George Grenville and the Reform Impulse

The challenge of raising revenue from the colonies fell first to George Grenville. Widely regarded as “one of the ablest men in Great Britain,” Grenville understood the need for far-reaching imperial reform. He first passed the Currency Act of 1764, which banned the American colonies from using paper money as legal tender. Colonial shopkeepers, planters, and farmers had used local currency, which was worth less than British pounds sterling, to pay their debts to British merchants. The Currency Act ensured that merchants would no longer be paid in money printed in the colonies, boosting their profits and British wealth.

The Sugar Act Grenville also won parliamentary approval of the Sugar Act of 1764 to replace the widely ignored Molasses Act of 1733 (see Chapter 3). The earlier act had set a tax rate of 6 pence per gallon on French molasses — a rate so high that it made the trade unprofitable. Rather than pay it, colonial merchants bribed customs officials at the going rate of 1.5 pence per gallon. Grenville settled on a duty of 3 pence per gallon, which merchants could pay and still turn a profit, and then tightened customs enforcement so that it could actually be collected.

This carefully crafted policy garnered little support in America. New England merchants, among them John Hancock of Boston, had made their fortunes smuggling French molasses. In 1754, Boston merchants paid customs duties on a mere 400 hogsheads of molasses, yet they imported 40,000 hogsheads for use by 63 Massachusetts rum distilleries. Publicly, the merchants claimed that the Sugar Act would ruin the distilling industry; privately, they vowed to evade the duty by smuggling or by bribing officials.
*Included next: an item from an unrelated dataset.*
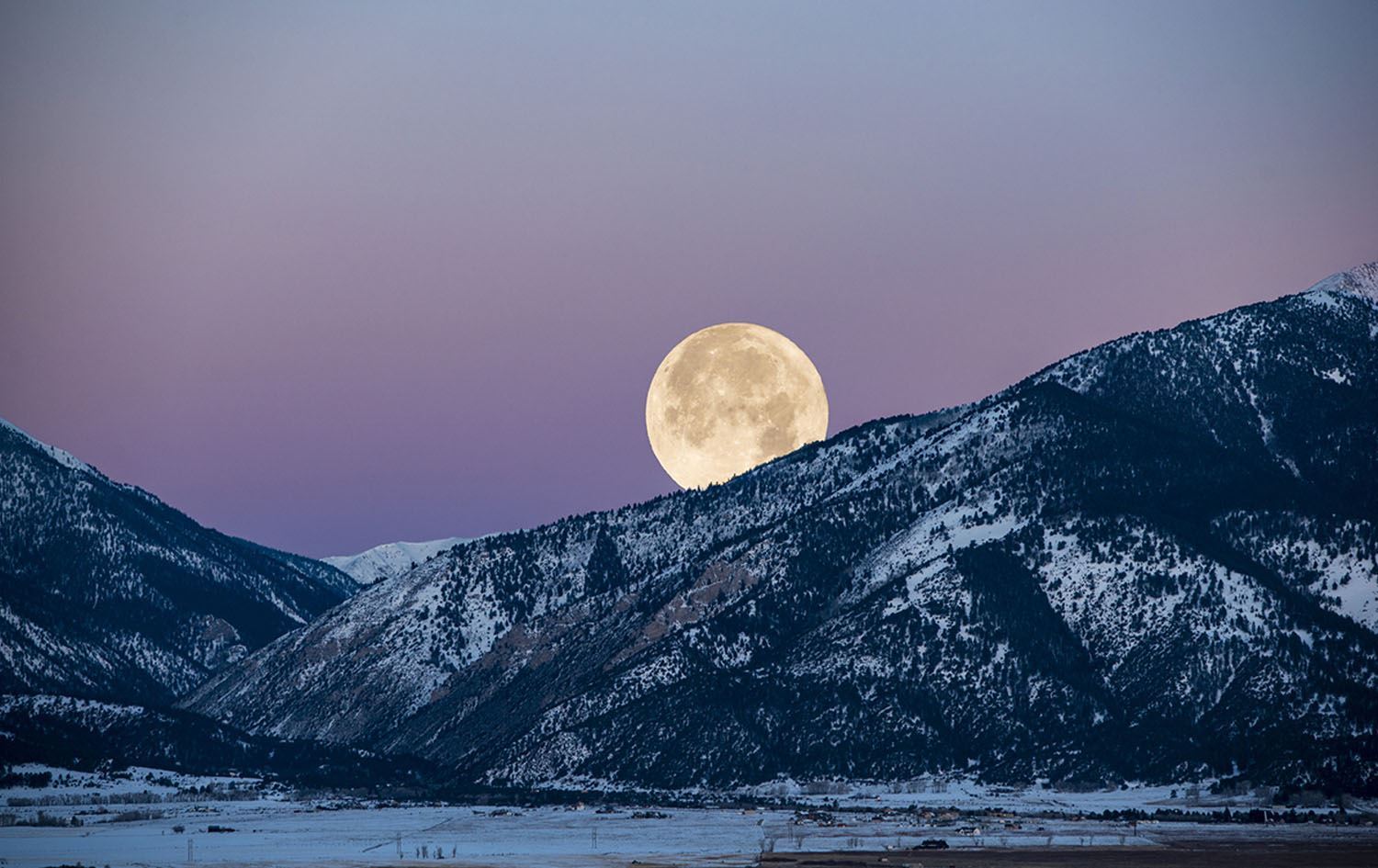 2025 yılının son dolunayı olan ve halk arasında "Soğuk Ay" olarak bilinen doğa olayı, 4 Aralık Perşembe akşamı gerçekleşecek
The End of Salutary Neglect More important, colonists raised constitutional objections to the Sugar Act. In Massachusetts, the leader of the assembly argued that the new legislation was “contrary to a fundamental Principall of our Constitution: That all Taxes ought to originate with the people.” In Rhode Island, Governor Stephen Hopkins warned: “They who are taxed at pleasure by others cannot possibly have any property, and they who have no property, can have no freedom.” The Sugar Act raised other constitutional issues as well. Merchants prosecuted under the act would be tried in vice-admiralty courts, tribunals governing the high seas and run by British-appointed judges. Previously, merchants accused of Navigation Acts violations were tried by local common-law courts, where friendly juries often acquitted them. The Sugar Act closed this legal loophole by extending the jurisdiction of the vice-admiralty courts to all customs offenses.

The Sugar Act revived old American fears. The influential Virginia planter Richard Bland emphasized that the American colonists “were not sent out to be the Slaves but to be the Equals of those that remained behind.” John Adams, the young Massachusetts lawyer defending John Hancock on a charge of smuggling, argued that the vice-admiralty courts diminished this equality by “degrad[ing] every American … below the rank of an Englishman.”
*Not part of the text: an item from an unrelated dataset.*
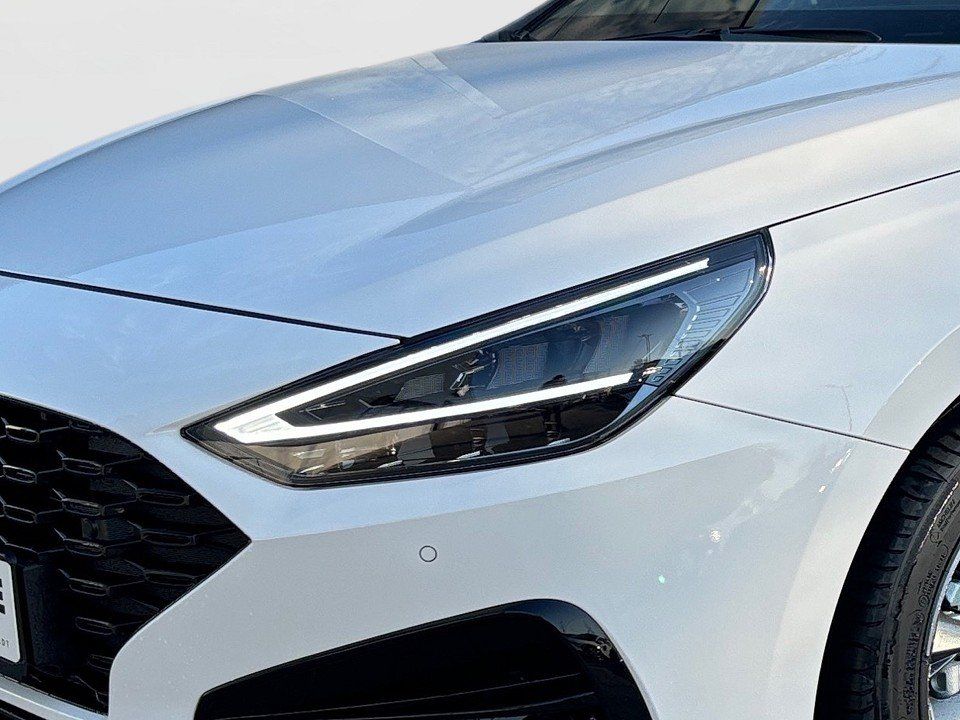 Fahrzeugabbildung Hyundai i30 1.0T 100PS DCT ADVANTAGE Plus-Paket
To see a longer excerpt of the Richard Bland document, along with other primary sources from this period, see Sources for America’s History.

In fact, accused smugglers in Britain were also tried in vice-admiralty courts, so there was no discrimination against Americans. The real issue was the growing power of the British state. Americans had lived for decades under an administrative policy of salutary neglect. Now they saw that the new imperial regime would deprive them “of some of their most essential Rights as British subjects,” as a committee of the Massachusetts assembly put it. In response, Royal Governor Francis Bernard replied: “The rule that a British subject shall not be bound by laws or liable to taxes, but what he has consented to by his representatives must be confined to the inhabitants of Great Britain only.” To Bernard, Grenville, and other imperial reformers, Americans were second-class subjects of the king, with rights limited by the Navigation Acts, parliamentary laws, and British interests.